I have a common pattern which Im sure there must be a built-in array function in PHP to handle but just can’t see it.
I have multiple arrays such as the following:
$testArray = array (
'subArray1' => array(
'key1' => "Sub array 1 value 1",
'key2' => "Sub array 1 value 1"
),
'subArray2' => array(
'key1' => "Sub array 2 value 1",
'key2' => "Sub array 2 value 2"
)
);
I need to get the key1
values from each subArray, of which there can be any number.
I always end up just looping over each array to get the required values, but I’m sure there must be an easier, more efficient way to handle this.
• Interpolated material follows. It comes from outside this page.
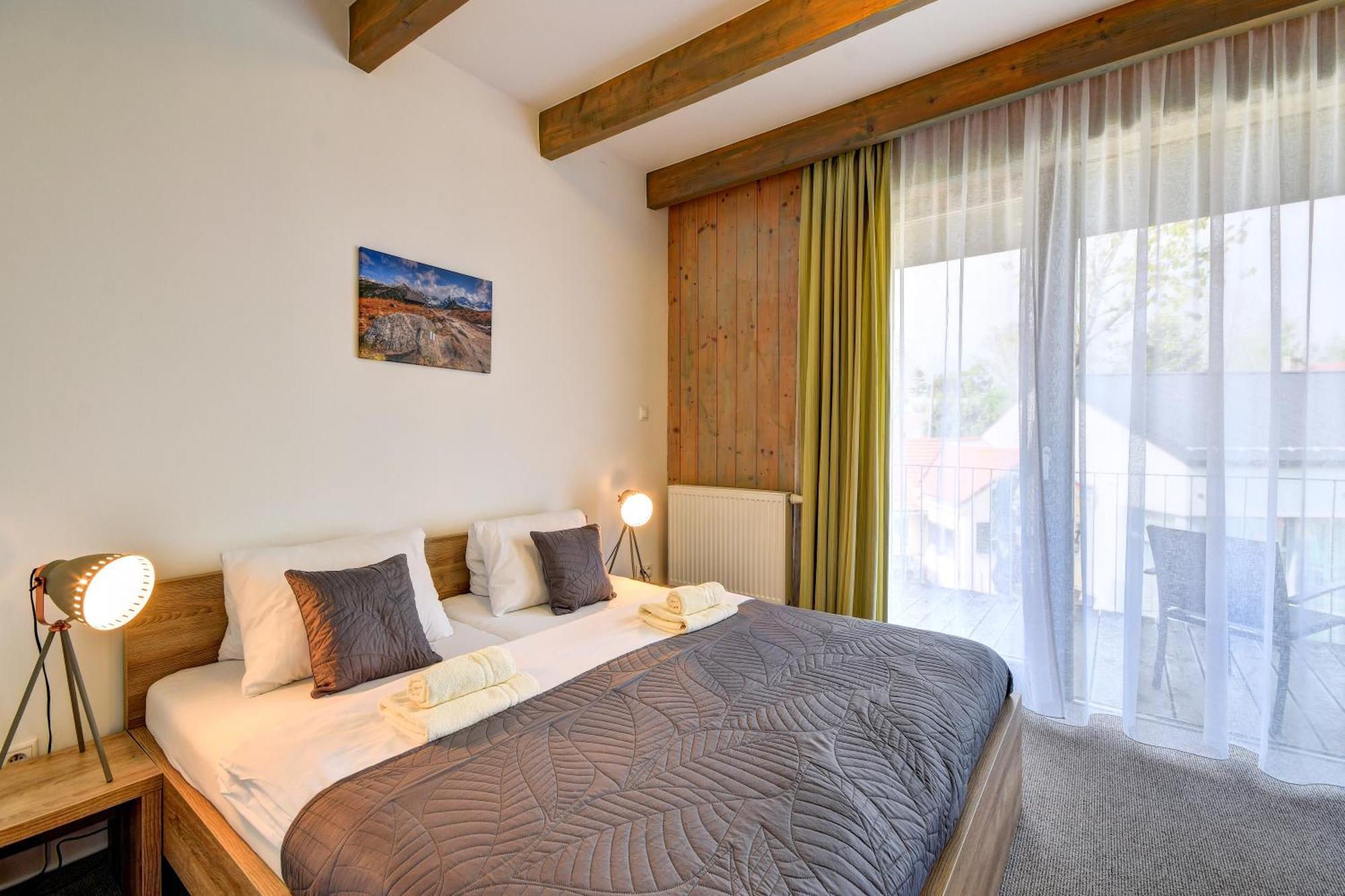 Apartments Ceresnovy Sad & Wellness วิสโซเค ดาตรี ภายนอก รูปภาพ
I am currently using the following simple foreach to parse the arrays:
$preparedSubs = array();
foreach($testArray as $subArray) {
$preparedSubs[] = $subArray['key1'];
}
It’s as short as I can make it, but as I said I’m sure there is a PHP construct that would handle this better.
Before PHP 5.5, this would be the most efficient solution:
$key = 'key1';
$output = array_map(function($item) use ($key) {
return $item[$key];
}, $testArray);
As of PHP 5.5, there is now an array_column
function for this (see COil’s answer).
Answer:
As of PHP 5.5 you can use the array_column() function:
$key = 'key1';
$testArray = array (
'subArray1' => array(
'key1' => "Sub array 1 value 1",
'key2' => "Sub array 1 value 2"
),
'subArray2' => array(
'key1' => "Sub array 2 value 1",
'key2' => "Sub array 2 value 2"
)
);
$output = array_column($testArray, $key);
var_dump($output);
Will output:
array(2) {
[0]=>
string(19) "Sub array 1 value 1"
[1]=>
string(19) "Sub array 2 value 1"
}
The only difference with the accepted answer is that you lose the original key name, but I think this is not a problem in your case.